_Task_. Transcribe every entry below word for word, but skip the pictures.

□ □ □ □ □ □ □

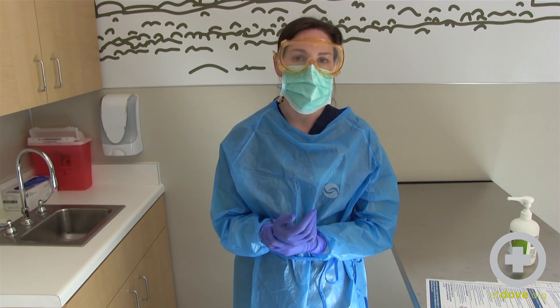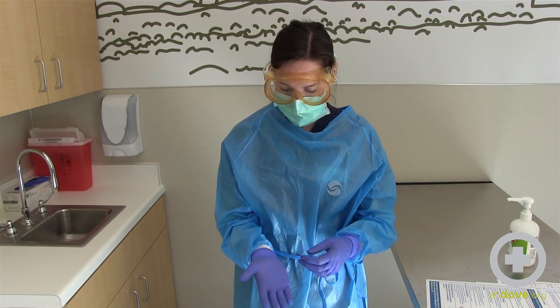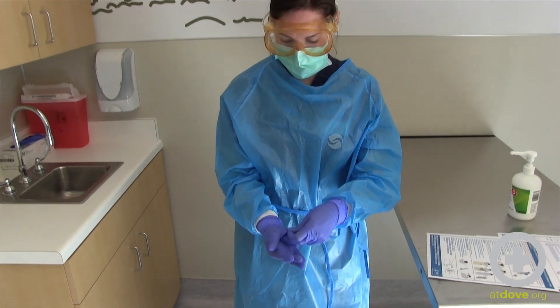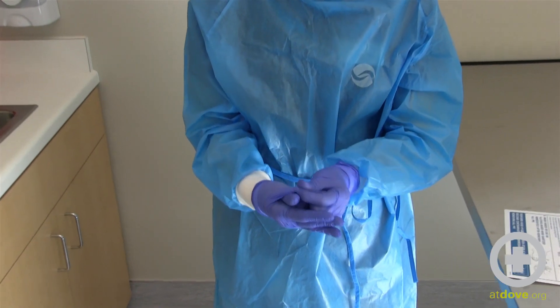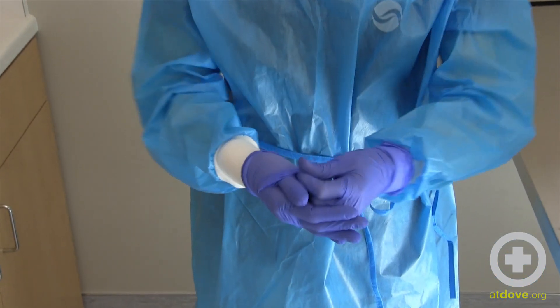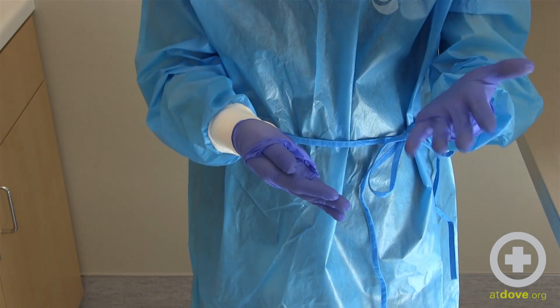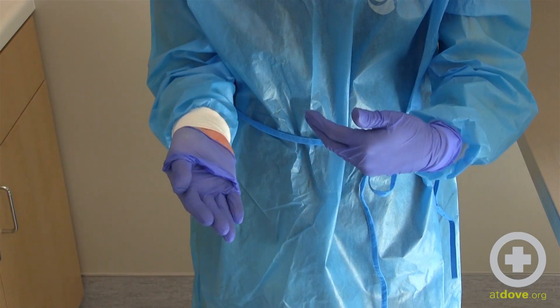In example one we're going to start with taking our gloves off. You will want to hold your palm out, carefully pinch your glove and start to work the glove all the way down. Remember that your glove and everything on the outside is considered contaminated, so you want to be careful not to touch your dirty glove to your clean hand that is slowly being exposed.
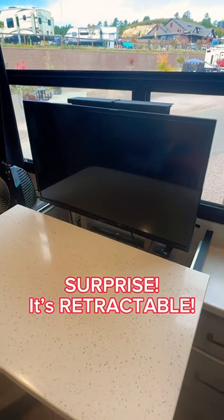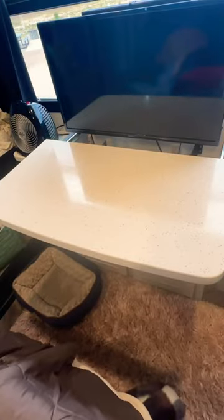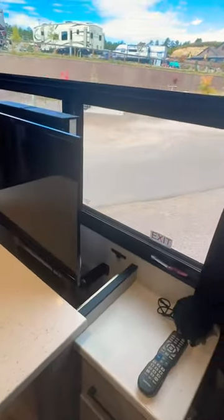I'm going to show you how this TV in our Heartland Cyclone 4006 goes in and out. So this is a desk workspace, but normally you wouldn't have your TV up while you're working.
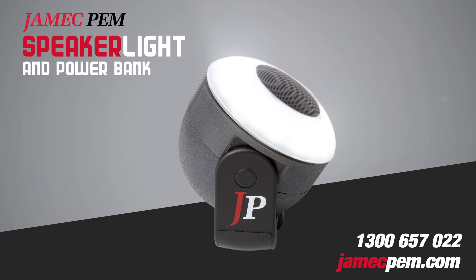For more information, call 1300 657 0222 or visit jmcpem.com.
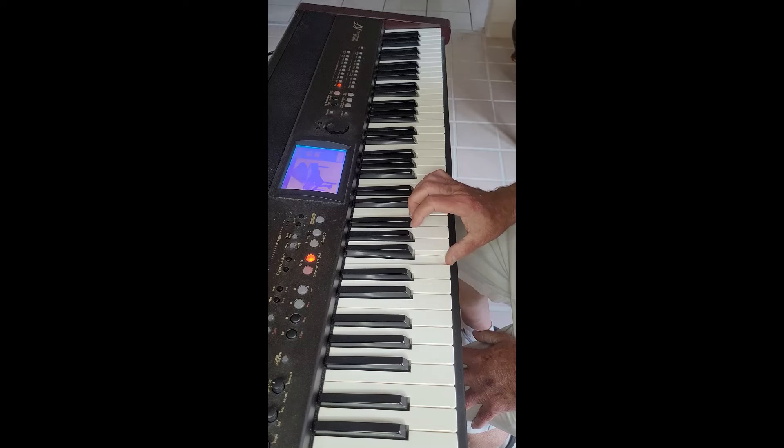to play the F7 chord, choose the 1, the 3, the 5, and flat the 7. So the E is flatted to give an E-flat.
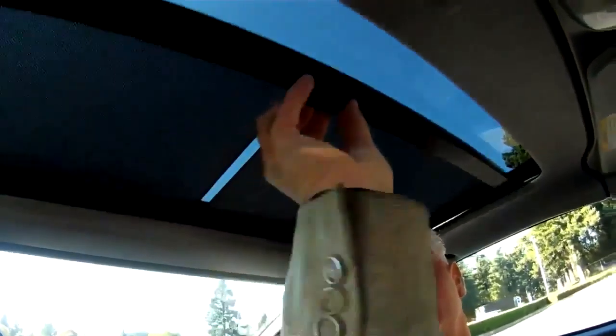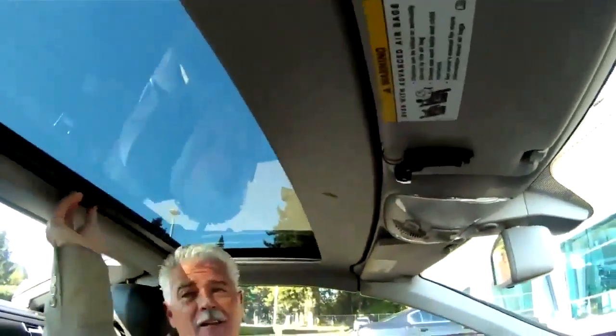It's got a sunroof belt, and this one has the moon glass as well, which is cool. It's got the little shade there, although I never use that.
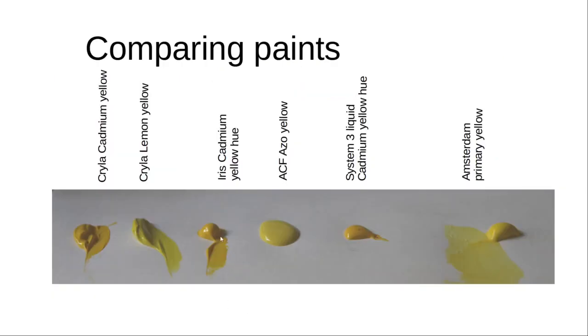The first three paints we have here are heavy-bodied. The System 3 Liquid paint is a paint with a very low viscosity, and the Amsterdam paint has got a medium viscosity. In comparison to these paints, the Artcavers Factory's paint's viscosity is very similar to the System 3 Liquid's viscosity.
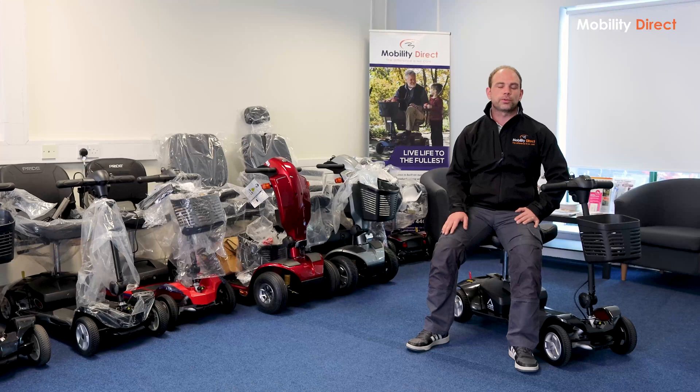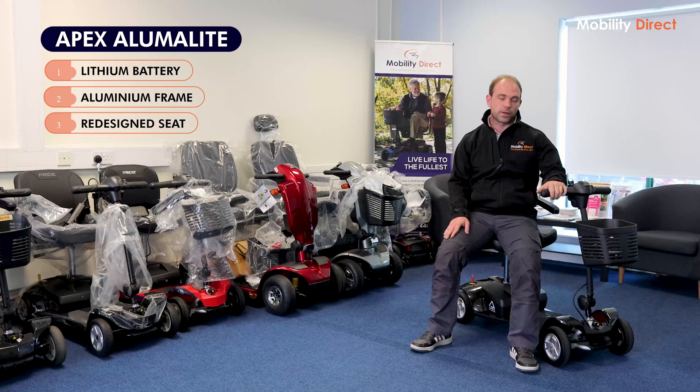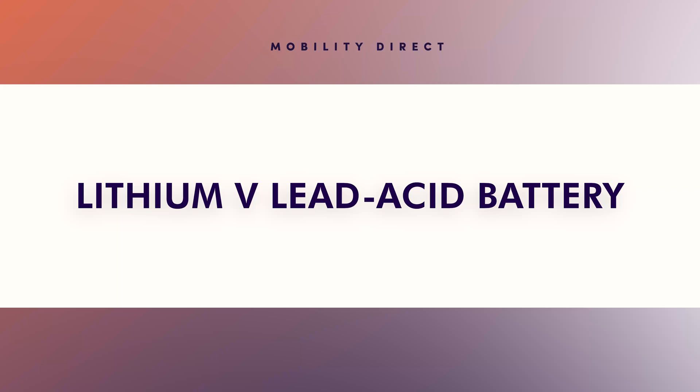So to begin with, this model is based on the older Pride Apex Light scooter, which would be considered an entry-level four-wheel travel scooter. They've taken that model and essentially redesigned it to make it lighter. They changed the battery from lead-acid to lithium, changed the frame — the main body or section of the scooter — to aluminium, and they've also redesigned the seat, all just to make it lighter. Overall, it's over 30% lighter than the original version.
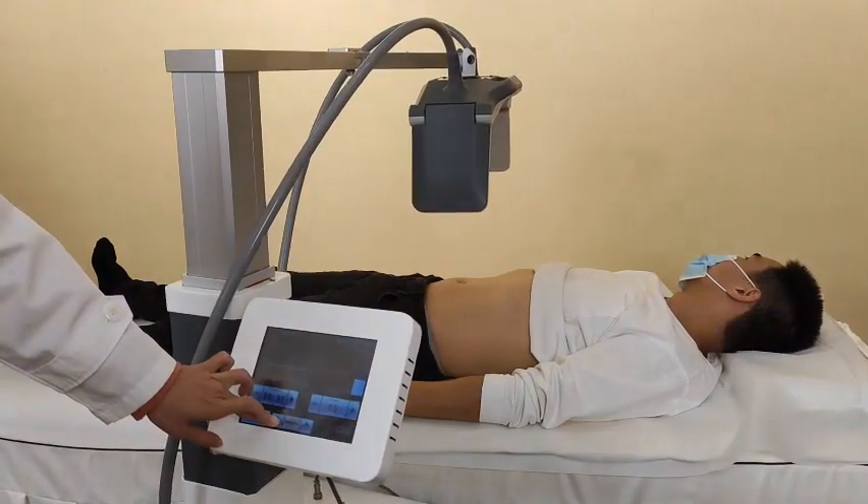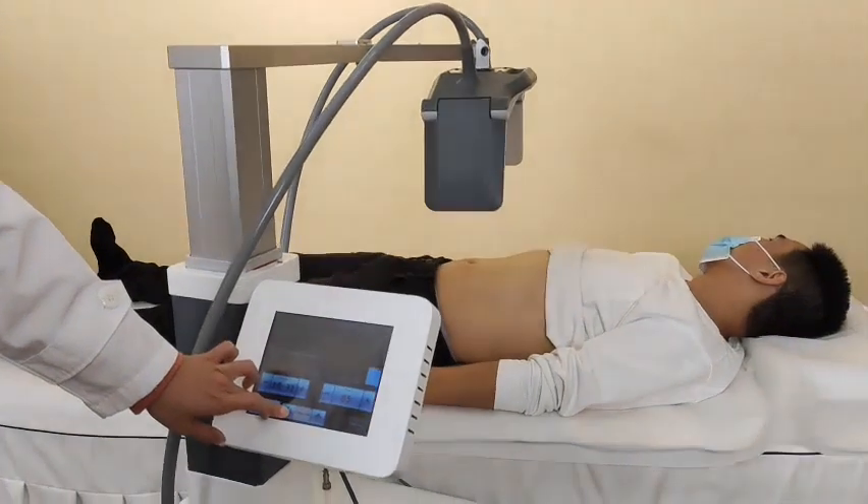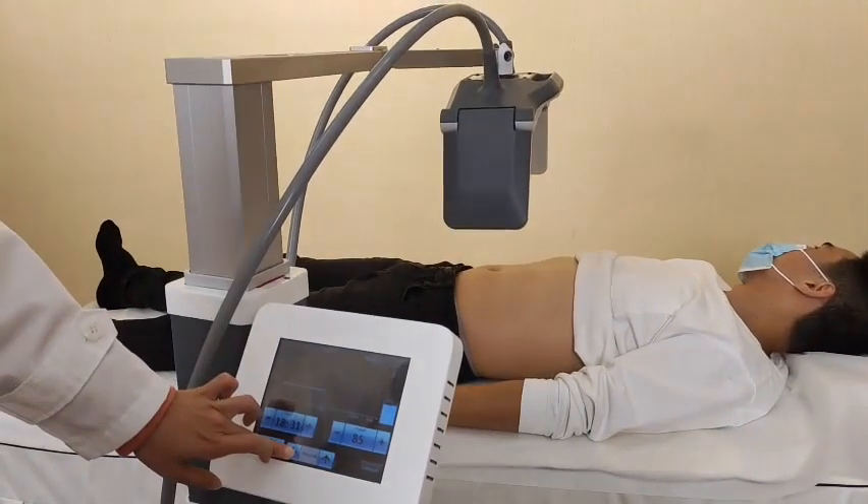This is the auto-lifting function. When we keep pressing this button, it will go down or rise up.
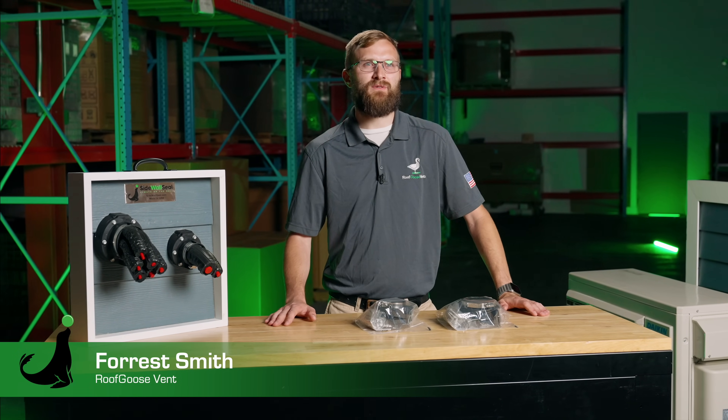Hey everyone, I'm Forrest Smith with Roof Goose Vent. I'm excited to announce our latest product, Sidewall Seal.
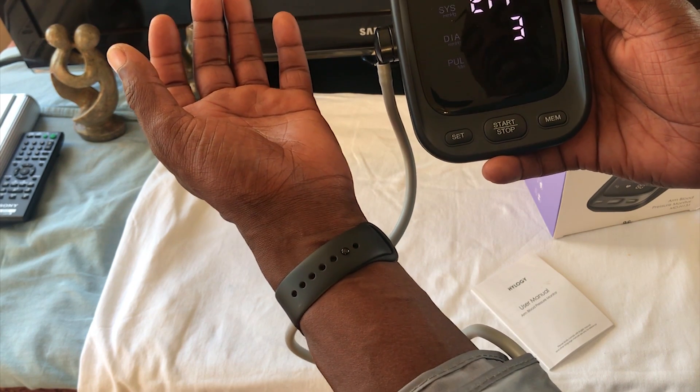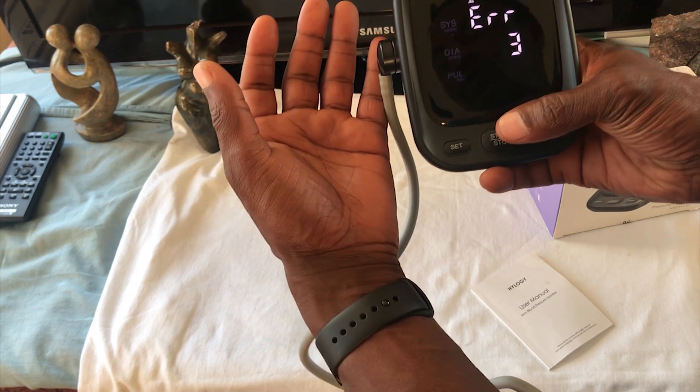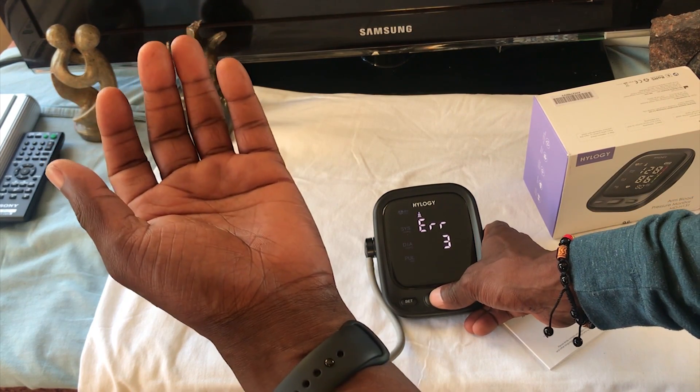It's an error again because I'm talking as I'm doing it, so it interferes with the reading. For this final reading I'm going to put this down, still hold my arm up, but I'll be quiet.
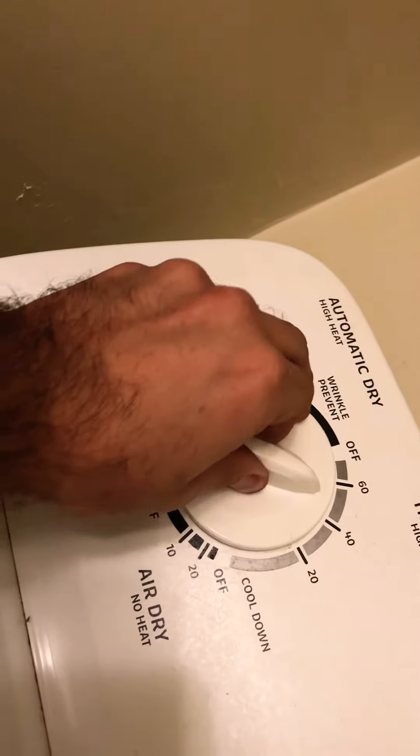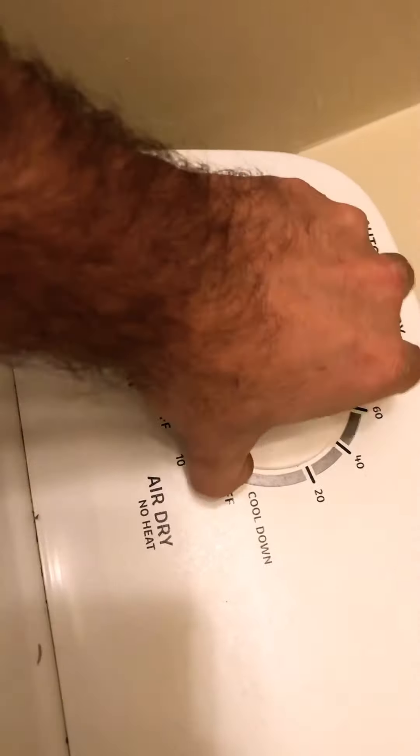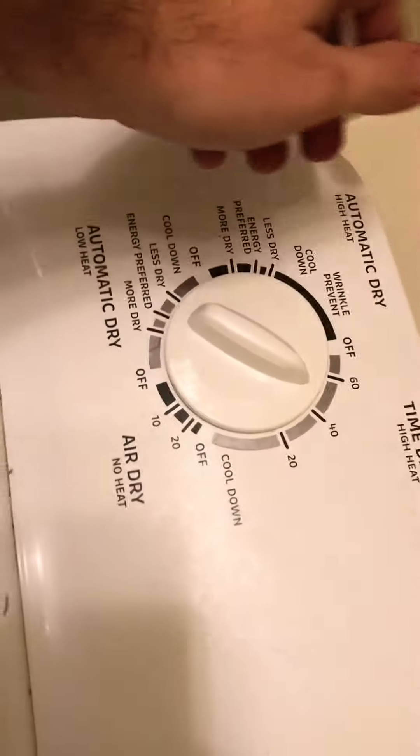If it's just in the right spot it'll stay on; jiggle it down a little bit and it'll turn off. Basically all I'm doing is taking the timer knob and jiggling it back and forth like that. It's not the knob that's bad — the knob's good. It's the actual timer. Just a little tip there before you go pulling everything apart.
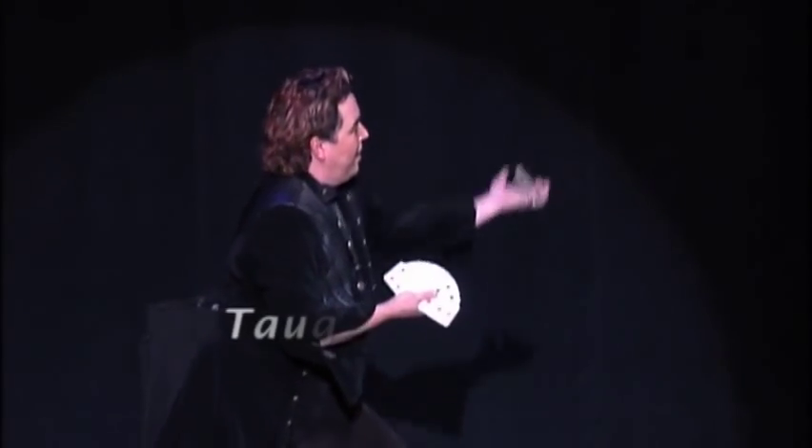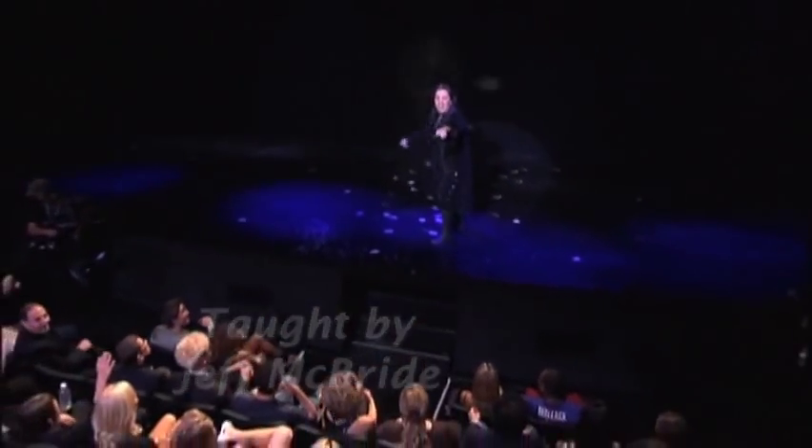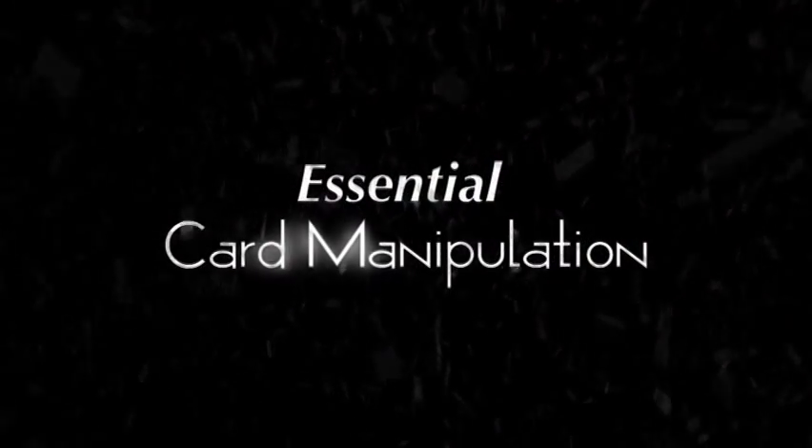Learn the essential card techniques from world-renowned teacher Jeff McBride. Essential Card Manipulation is available exclusively from virtual.magicalwisdom.com.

□ □ □ □ □ □ □

_Expected output_.
In example one we're going to start with taking our gloves off. You will want to hold your palm out, carefully pinch your glove and start to work the glove all the way down. Remember that your glove and everything on the outside is considered contaminated, so you want to be careful not to touch your dirty glove to your clean hand that is slowly being exposed.
I'm going to show you how this TV in our Heartland Cyclone 4006 goes in and out. So this is a desk workspace, but normally you wouldn't have your TV up while you're working.
For more information, call 1300 657 0222 or visit jmcpem.com.
to play the F7 chord, choose the 1, the 3, the 5, and flat the 7. So the E is flatted to give an E-flat.
It's got a sunroof belt, and this one has the moon glass as well, which is cool. It's got the little shade there, although I never use that.
The first three paints we have here are heavy-bodied. The System 3 Liquid paint is a paint with a very low viscosity, and the Amsterdam paint has got a medium viscosity. In comparison to these paints, the Artcavers Factory's paint's viscosity is very similar to the System 3 Liquid's viscosity.
So to begin with, this model is based on the older Pride Apex Light scooter, which would be considered an entry-level four-wheel travel scooter. They've taken that model and essentially redesigned it to make it lighter. They changed the battery from lead-acid to lithium, changed the frame — the main body or section of the scooter — to aluminium, and they've also redesigned the seat, all just to make it lighter. Overall, it's over 30% lighter than the original version.
This is the auto-lifting function. When we keep pressing this button, it will go down or rise up.
Hey everyone, I'm Forrest Smith with Roof Goose Vent. I'm excited to announce our latest product, Sidewall Seal.
It's an error again because I'm talking as I'm doing it, so it interferes with the reading. For this final reading I'm going to put this down, still hold my arm up, but I'll be quiet.
If it's just in the right spot it'll stay on; jiggle it down a little bit and it'll turn off. Basically all I'm doing is taking the timer knob and jiggling it back and forth like that. It's not the knob that's bad — the knob's good. It's the actual timer. Just a little tip there before you go pulling everything apart.
Learn the essential card techniques from world-renowned teacher Jeff McBride. Essential Card Manipulation is available exclusively from virtual.magicalwisdom.com.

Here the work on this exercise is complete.